インスペクションの流れ(住宅購入の場合)

  1. 購入を希望する物件を絞り込みます

  2. サイトよりご相談ください

    リニュアル仲介のインスペクションサービスをご希望の場合は下記ボタンからお問い合わせください。

  3. インスペクションが実施できるかどうかの判断を行います

    建物の工法や構造によっては依頼する建築士が異なったり、調査が実施できない場合があります。インスペクションが実施可能であると判断された場合は、インスペクションのお申込みについてご案内します。

  4. 建築士を手配します

    調査を担当する建築士の手配に3営業日ほどかかります。お急ぎの場合は事前にご相談ください。

  5. 現地調査を実施します

    調査時間は1時間~2時間(耐震診断を行い場合は更にかかります)です。リフォームや家に対する不安など、調査以外のことについても、現地調査を担当する建築士にお気軽にご相談ください。

  6. 結果報告書を作成します

    結果報告書の作成には3営業日ほどかかります。お急ぎの場合は事前にご相談ください。また、改修工事が必要と判定された場合は、おおよその改修費用のお見積りもご提示いたします。

インスペクションQ&A

新築時の図面など一切残っていませんが、インスペクションを実施できますか?
インスペクションは可能です。ただ、非破壊検査だと壁内部の構造部が確認できないので、評価が低くなります。(確認できないものはないものとして判定します。これを安全側に判断する、と言います)
現地調査を実施して、インスペクション結果を待つ間に物件がほかの人に売れてしまいました。インスペクションをキャンセルできますか?
現地調査実施後はキャンセルできません。
マンションの耐震診断はできますか?
耐震診断は木造戸建てのみ対象です。
既にリフォームを実施する事業者が決まっています。耐震診断と証明書発行のみ依頼できますか?
大変申し訳ありませんが、弊社では対応しかねます。本来であれば耐震も含めてリフォーム事業者が対応するべきことですので、今お打ち合わせされている事業者にご相談ください。
既にリフォームを実施する事業者が決まっています。既存住宅売買瑕疵保険だけ依頼することはできますか?
大変申し訳ありませんが、弊社ではお引き受けできません。
既に所有権移転を終えています。今からの手続きで住宅ローン減税は利用できますか?
所有権移転後に耐震基準適合証明書を取得する方法はございますが、それでも所有権移転までに行わなければならないことがありますので、今からの対応では難しいと思います。(弊社ではお引き受けできません)
既に所有権移転を終えています。今からの手続きで既存住宅売買瑕疵保険に加入することはできますか?
瑕疵保険のお申し込み手続きを所有権移転までに完了させる必要がありますので、所有権移転後の手続き開始では既存住宅売買瑕疵保険に加入することは難しいと思います。(弊社ではお引き受けできません)
 

インスペクション豆知識

インスペクションの結果は不動産売買契約を解除する理由になりません

日本の住宅業界は長らく「新築偏重」だったため、不動産業者も新築の取り扱いには長けていても、中古はあまり経験がないのが実情です。新築はインスペクションが不要なので、新築取引の流れで、不動産売買契約を先行しがちです。

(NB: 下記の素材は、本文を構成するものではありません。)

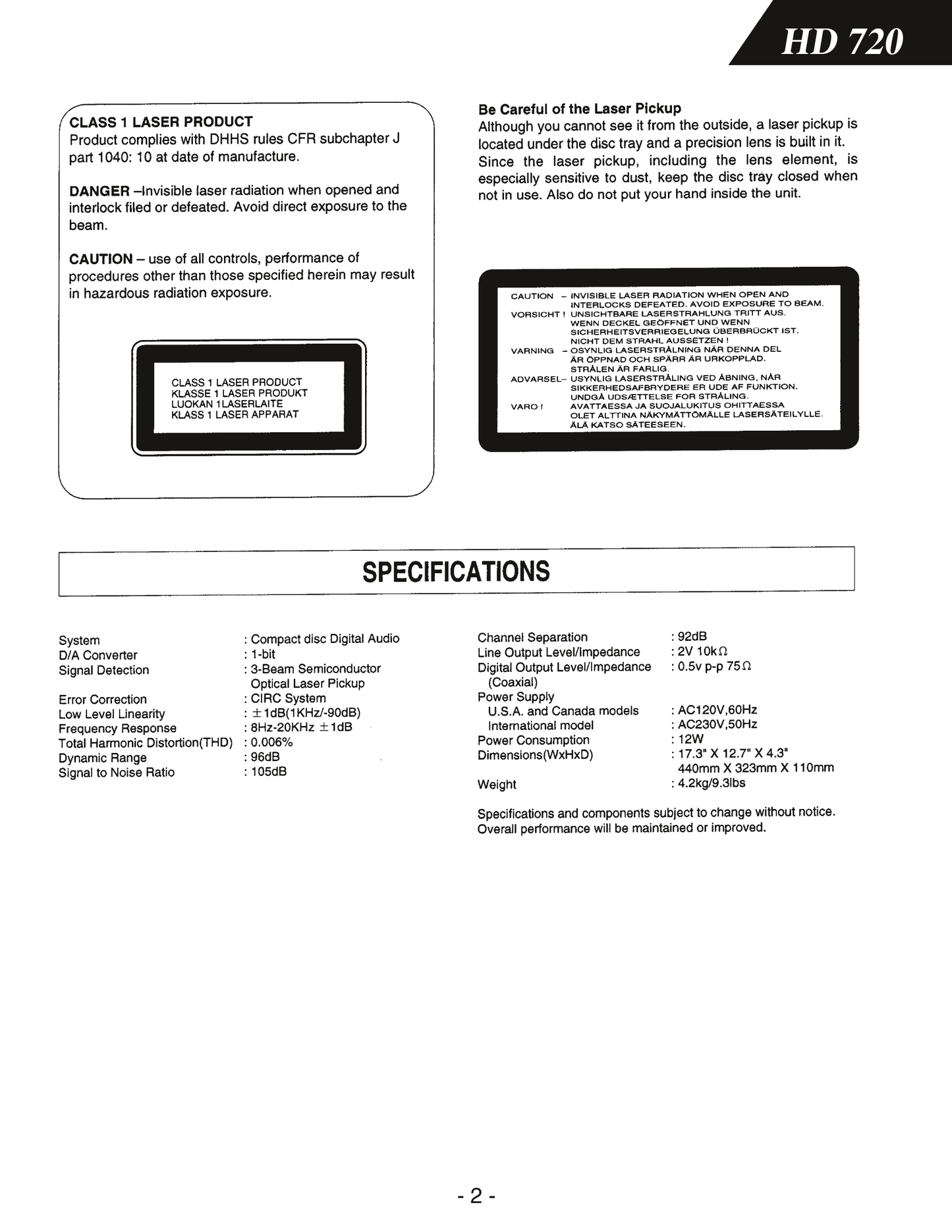 Harman/ Kardon HD 720 CD Player Service Manual (Pages: 64)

しかし、不動産売買契約を先行することは、知らずに大きなリスクを背負ってしまうことになります。

一般的な中古住宅の不動産取引の場合、契約後にインスペクションを実施した結果、思った以上の改修費用が発生すると判明したとしても、そのことを理由に不動産売買契約を撤回する特約は盛り込まれません。従って、不動産売買契約前にインスペクションを実施して、必要な改修費用を把握する方がより安全な取引と言えます。

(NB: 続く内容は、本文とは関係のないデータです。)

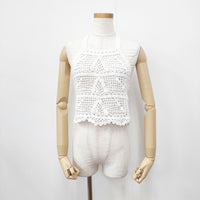 ROKU 6 BEAUTY&YOUTH COTTON HALTER TOP 8618-199-0144 ニット ベスト ホワイト レディース ロクビューティアンドユース【中古】5-0414M◎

しかし、インスペクションの実施には時間がかかるため、人気物件だとインスペクションの結果を待つ間に他の人に売れてしまうことも懸念されます。築年数や内見時の様子を踏まえて、適切に判断することが大切です。


木造戸建ての基礎知識~建築年月でおおよそ判定できます~

単に築年数が古いという判断ではなく、いつ建築されたか、は住宅ローン減税など各種支援制度を活用する上で重要な判断材料となります。


1)旧耐震に要注意!!(1981年5月以前の建物)


1981年6月に建築基準法の改正があり、住宅の耐震性について大きな変更がなされました。
1981年5月以前を「旧耐震」、1981年6月以降を「新耐震」と区分します。
木造戸建ての場合、耐震改修を行えば十分な性能を確保することは理論上可能ですが、改修コストがかかり過ぎてしまうため、立地が抜群に良いなど余程の理由がなければ「旧耐震」物件は避けた方が良いと思われます。

2)安心できるのは2000年6月以降


阪神淡路大震災の教訓を受けて、2000年6月に建築基準法が改正されました。
「新耐震」の物件でも、耐震診断を実施すると基準を満たさず、何らかの改修工事が必要と判定される可能性が高いです。
検討している物件が1981年6月~2000年5月の建物の場合は、可能であれば不動産売買契約を締結するまでに耐震診断を実施して必要な改修費用を把握することをお勧めします。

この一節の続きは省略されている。